- Exercise requirements
Repeat exactly the lines of the material below that run from the "Melton RFC Under" line to the "Een vrouw, gekleed" line, including both, and do not carry over any pictures.

..............................

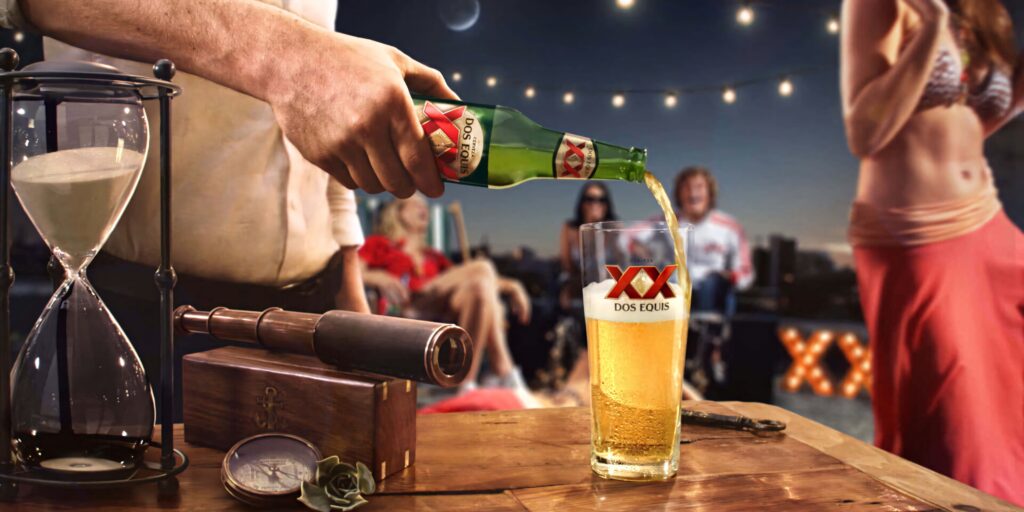 Dos Equis beer poured in branded glass at rooftop party with festive lights and warm golden tones Wallpaper
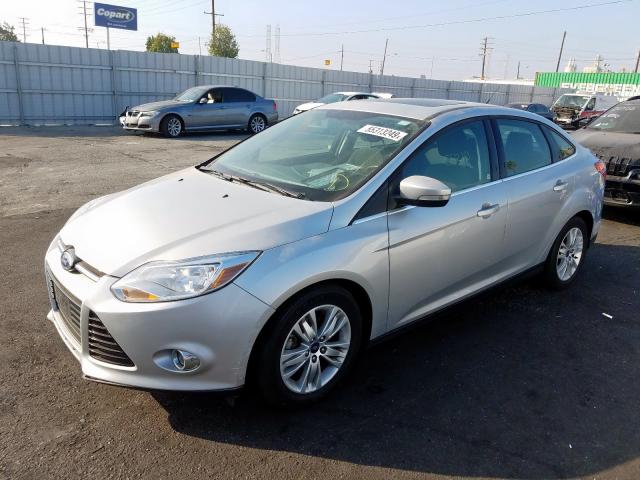 Photo 1 VIN: 1FAHP3H29CL145701 - FORD FOCUS SEL 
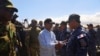 Leslie Voltaire, president of Haiti's transition council, welcomes a military contingent from El Salvador, at the Toussaint Louverture International Airport, in Port-au-Prince, Haiti, Feb. 4, 2025. 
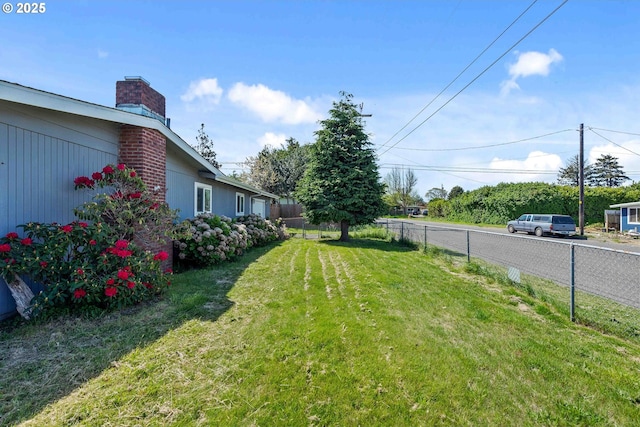 view of yard featuring fence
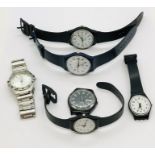 A collection of watches, mainly Swatch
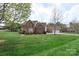 Charming brick two-story home with well-manicured lawn and inviting curb appeal at 301 Prairie Rose Ct, Waxhaw, NC 28173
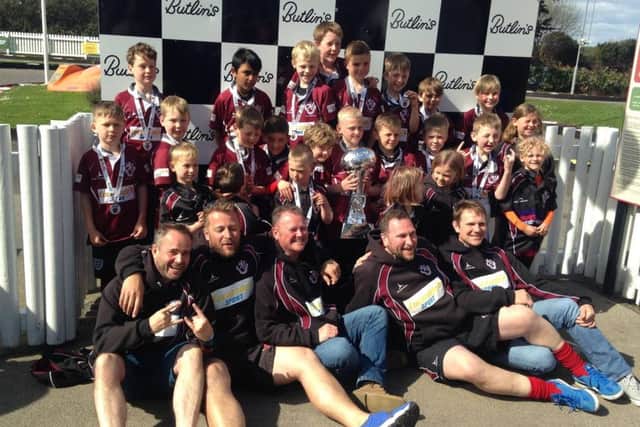 Melton RFC Under 9s players and coaching staff show off their Tigers Challenge trophy EMN-160305-123605002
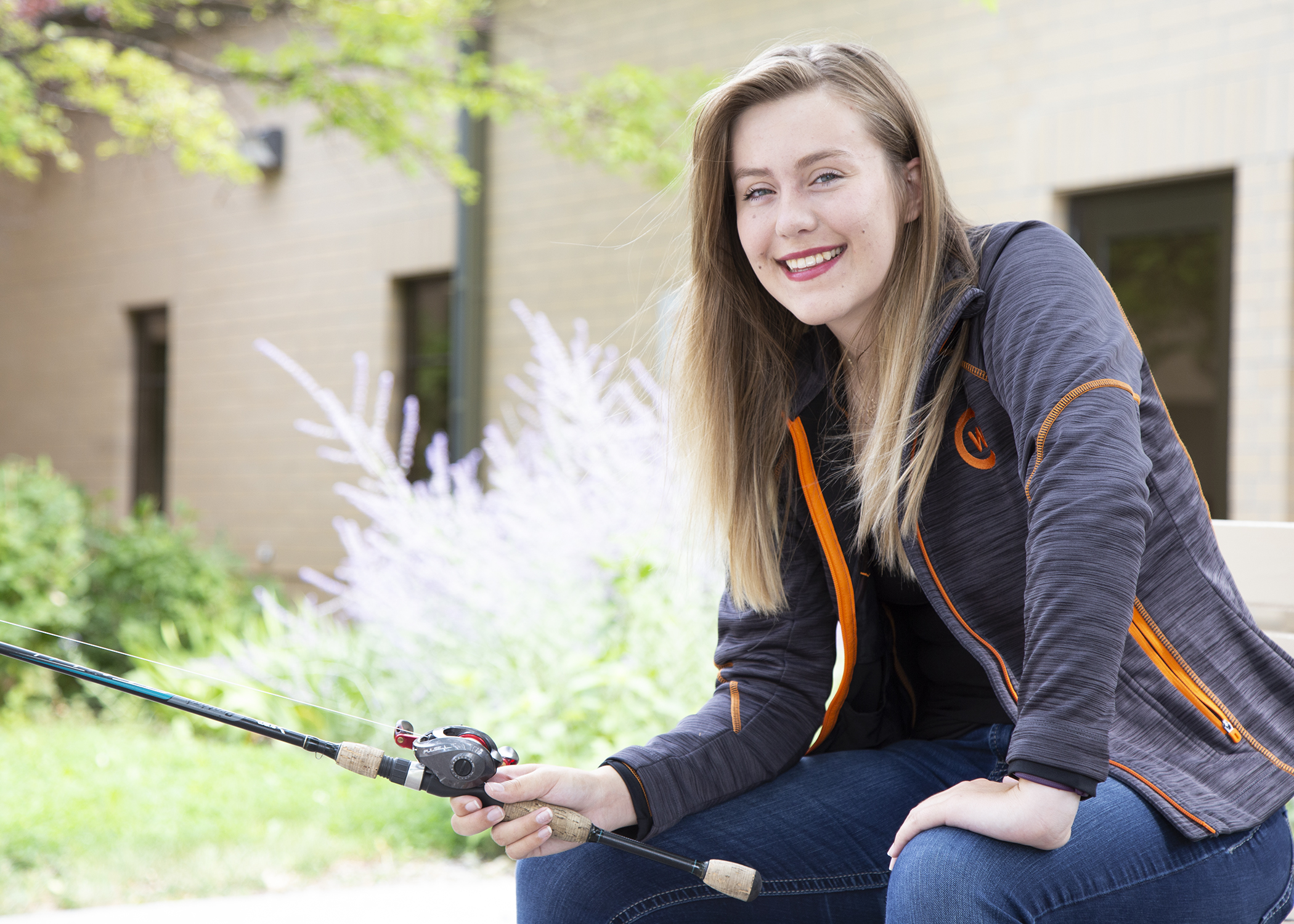 student Katy Carey sits on a bench with her fishing pole in hand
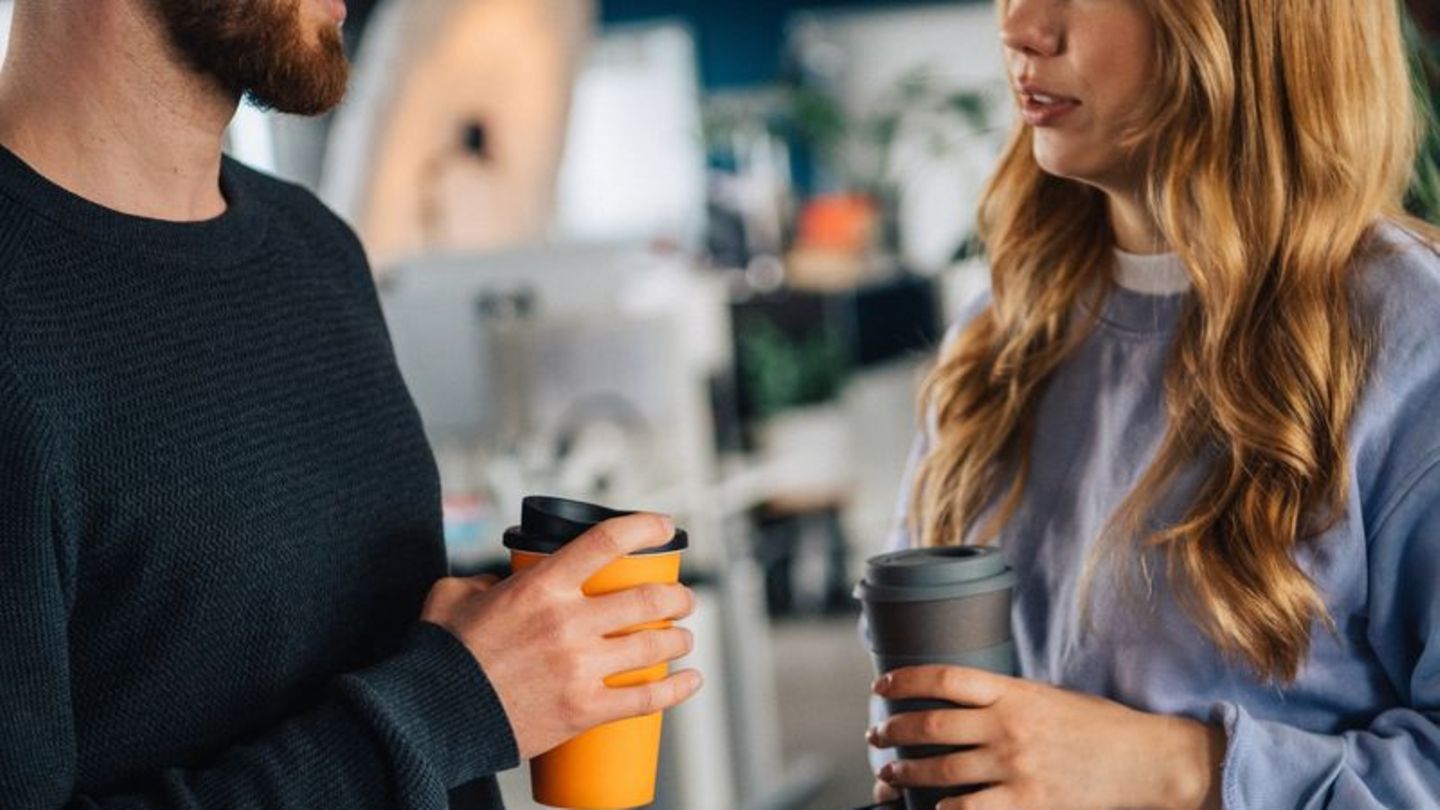 Zwei Menschen mit Kaffeebechern in der Hand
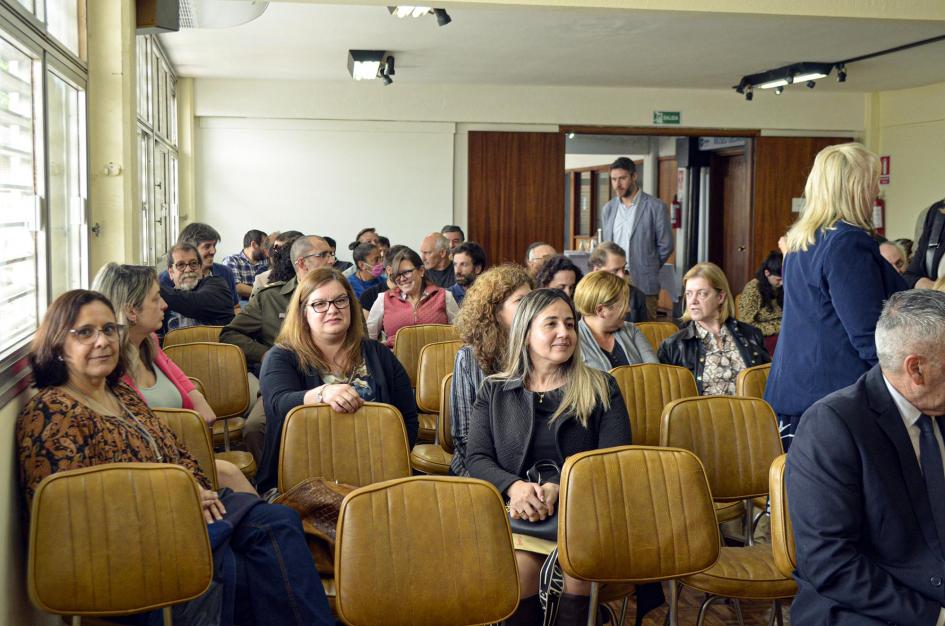 Público de la actividad Funcionarios sonríen en el público de la actividad; a su lado hay ventanales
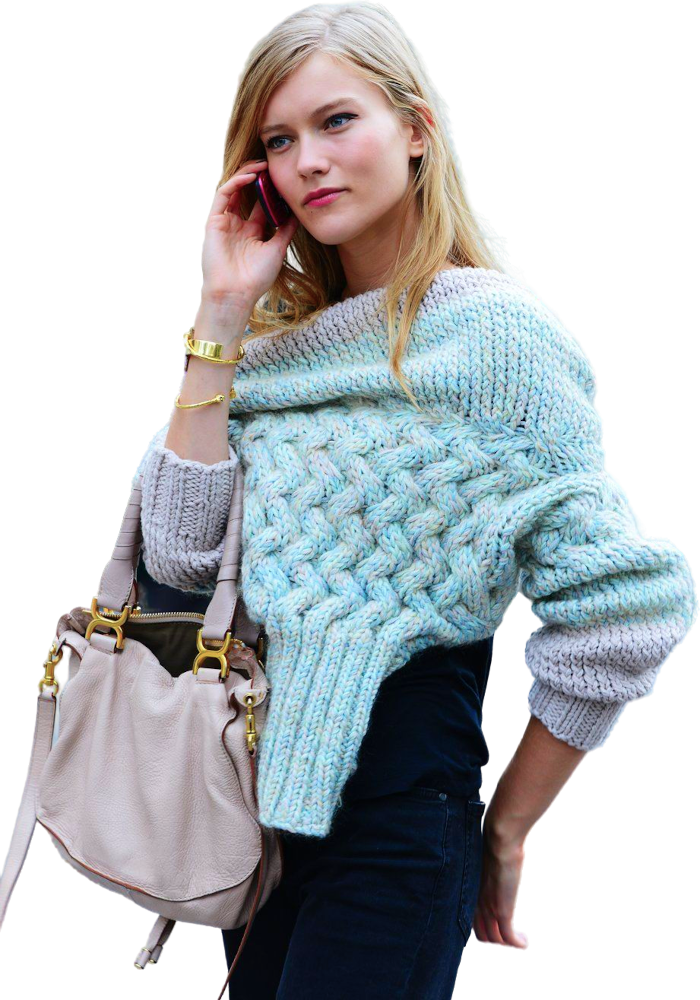 Een vrouw, gekleed in een zwarte broek, met een trui over haar schouders. Ze draagt een handtas en is aan het bellen met een smartphone, terwijl ze haar andere hand voorzichtig aan haar billen voelt.
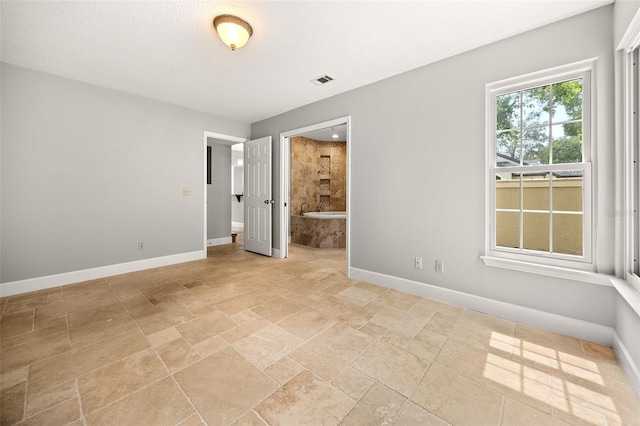 interior space featuring a textured ceiling and ensuite bath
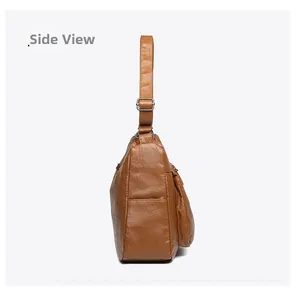 Side view of brown washed soft leather crossbody bag with adjustable wide strap and silver buckle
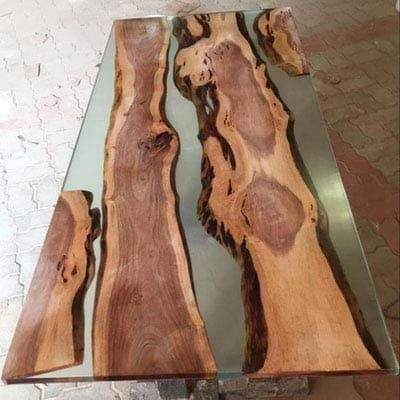 Der Tisch besteht aus Holz und Glas und sieht aus wie ein Fluss.
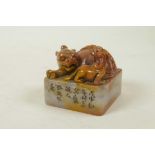 A Chinese soapstone seal with carved kylin knop and character inscription to side, 2½" x 2½"
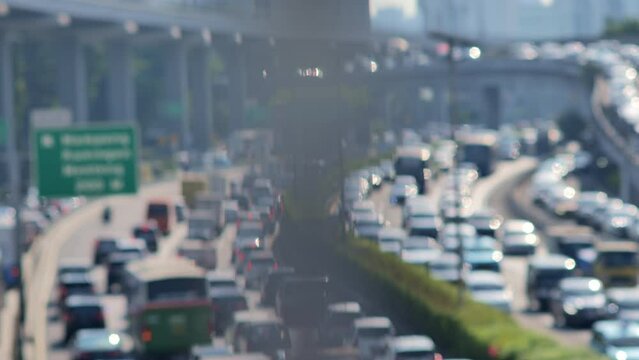 A blurred image of Jakarta's urban traffic density with lots of round bokeh. Depicts high pollution, heat, congestion and chaos. Taken with a telephoto lens with a panning motion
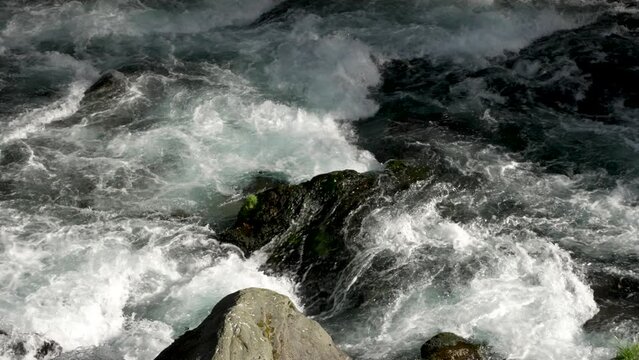 Water stream flows through the stones, in slow motion. Location the Daiya River in Nikko, Japan, where the gentle flow of water harmonizes with the natural beauty of the surroundings.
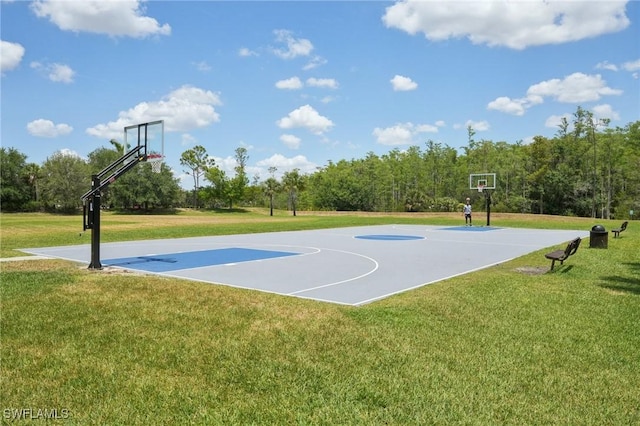view of basketball court featuring community basketball court and a yard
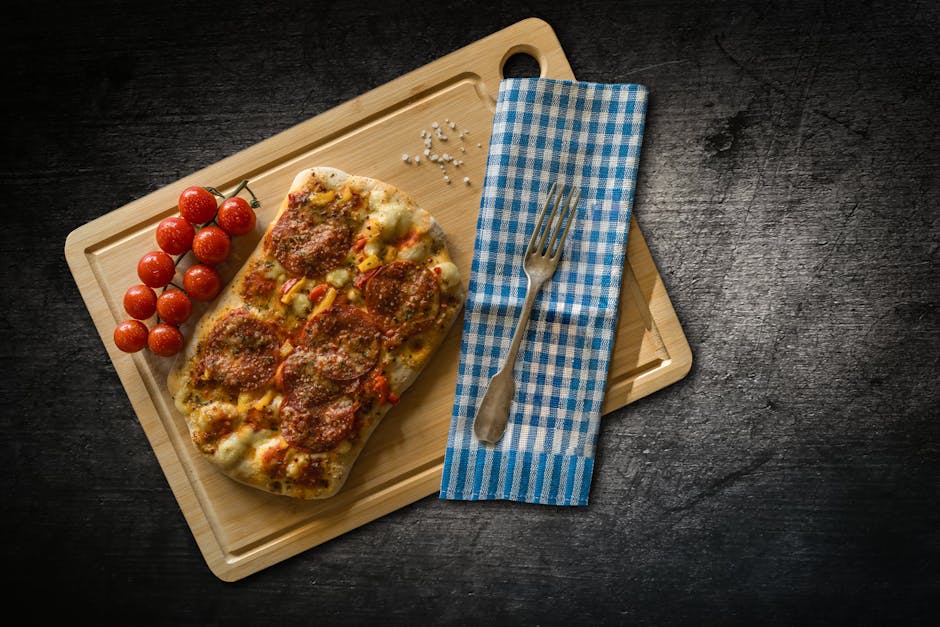 Delicious flatbread pizza topped with salami and herbs, paired with fresh cherry tomatoes on a wooden board.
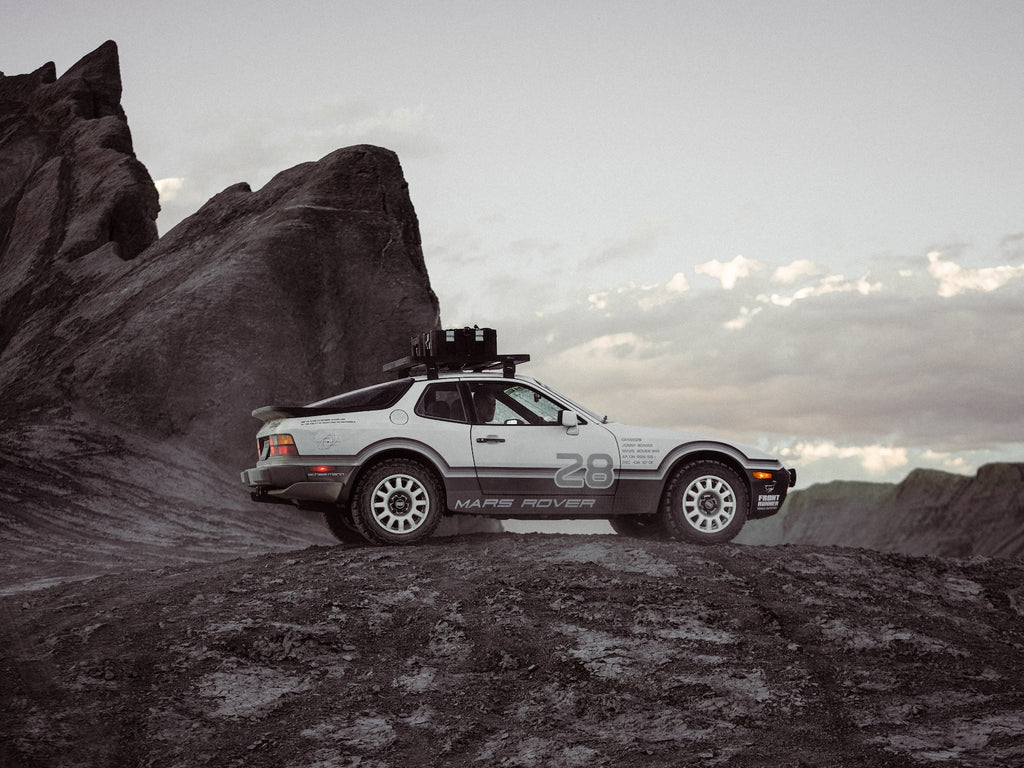 Limited edition Tarmac Works Porsche Mars Rover 944 x GRAMS #28 in grey.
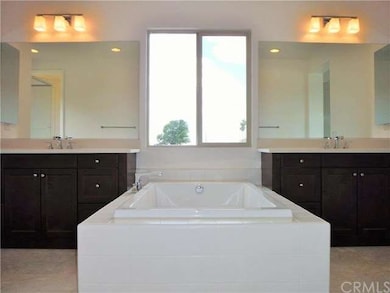 Soaking tub and vanities at Master Bath, with mode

..............................

- Answer to the problem
 Melton RFC Under 9s players and coaching staff show off their Tigers Challenge trophy EMN-160305-123605002
 student Katy Carey sits on a bench with her fishing pole in hand
 Zwei Menschen mit Kaffeebechern in der Hand
 Público de la actividad Funcionarios sonríen en el público de la actividad; a su lado hay ventanales
 Een vrouw, gekleed in een zwarte broek, met een trui over haar schouders. Ze draagt een handtas en is aan het bellen met een smartphone, terwijl ze haar andere hand voorzichtig aan haar billen voelt.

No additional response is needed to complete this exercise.